Das Transparent wurde von der Polizei auf Video aufgezeichnet. Nach Informationen der Zeitung wurde gegen den Plakatbesitzer Anzeige wegen Propagierung eines totalitären Staatssystems erstattet, wie wenig später Marcin Kierwiński, der Minister für innere Angelegenheiten und Verwaltung, öffentlich bestätigte. Im sozialen Netzwerk "X" verwies er auf den Fall.

"Zur Information – das skandalöse Banner, dessen Foto im Internet kursierte, wurde sofort entfernt und von der polnischen Polizei sichergestellt. Die Polizei und die Staatsanwaltschaft führen Maßnahmen gegen den Urheber durch. Es wird keine Zustimmung zu solchen kriminellen Handlungen geben", teilte Kierwiński mit.

Andere X-Nutzer stellten angebliche Fotobeweise ins Netz, die belegen sollen, dass die Polizei nicht schnell genug auf den "Skandal" reagierte. 

In Polen und auch in der Slowakei kommt es seit Monaten zu Protesten von Landwirten und Lkw-Fahrern gegen ukrainische Getreideimporte in die EU, weil sie Einbußen durch billigere Konkurrenz befürchten.

Die polnischen Landwirte wollen ihre Proteste gegen die Erleichterung der Importe aus der Ukraine in die EU und nach Polen mit einer umfassenden Grenzblockade wieder verstärken. "Es wird eine totale Blockade aller Grenzübergänge geben", verkündete ein Sprecher der Bauerngewerkschaft, der Unabhängigen selbstverwalteten Gewerkschaft einzelner Landwirte, Solidarność.

Militärische Hilfsgüter würden dann durchgelassen, der Lkw- und Personenverkehr aber blockiert. Es werde Blockaden in den Häfen und auf den Autobahnen geben.

"Das ist inakzeptabel. Wir müssen die strengsten Normen einhalten: von Milch über Weizen bis hin zu Mais und Raps, was Geld kostet und sich im Preis niederschlägt. Die ukrainischen Produkte entziehen sich jeder Kontrolle und jeder Norm, sie sind billiger und verdrängen unsere Produkte", zitiert die Zeitung einen Bauern mit Familienbetrieb. 

Ukrainische Spediteure kündigten einen Gegenprotest an drei Grenzübergängen an. Agrargüter zählen zu den wichtigsten Einnahmequellen der Ukraine. Wegen des Krieges gegen Russland versucht das Land, diese Produkte statt über das umkämpfte Schwarze Meer verstärkt über den Landweg zu exportieren.

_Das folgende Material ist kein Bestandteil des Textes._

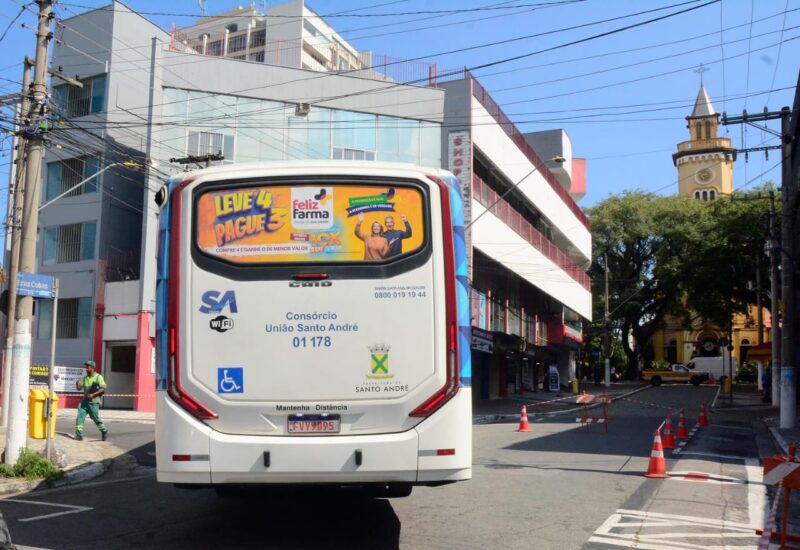 SANTO ANDRÉ ALTERA ITINERÁRIOS DE ÔNIBUS DURANTE OBRAS NA RUA LUÍS PINTO FLÁQUER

Der ukrainische Präsident Wladimir Selenskij hat die Proteste an der ukrainisch-polnischen Grenze als "Hohn" bezeichnet. Der Politiker hält sie für einen Vorwand. Den Protestierenden gehe es um "Politik, nicht um Getreide". Angesichts der Lage an der Front erscheine der Disput absurd, kritisierte Selenskij.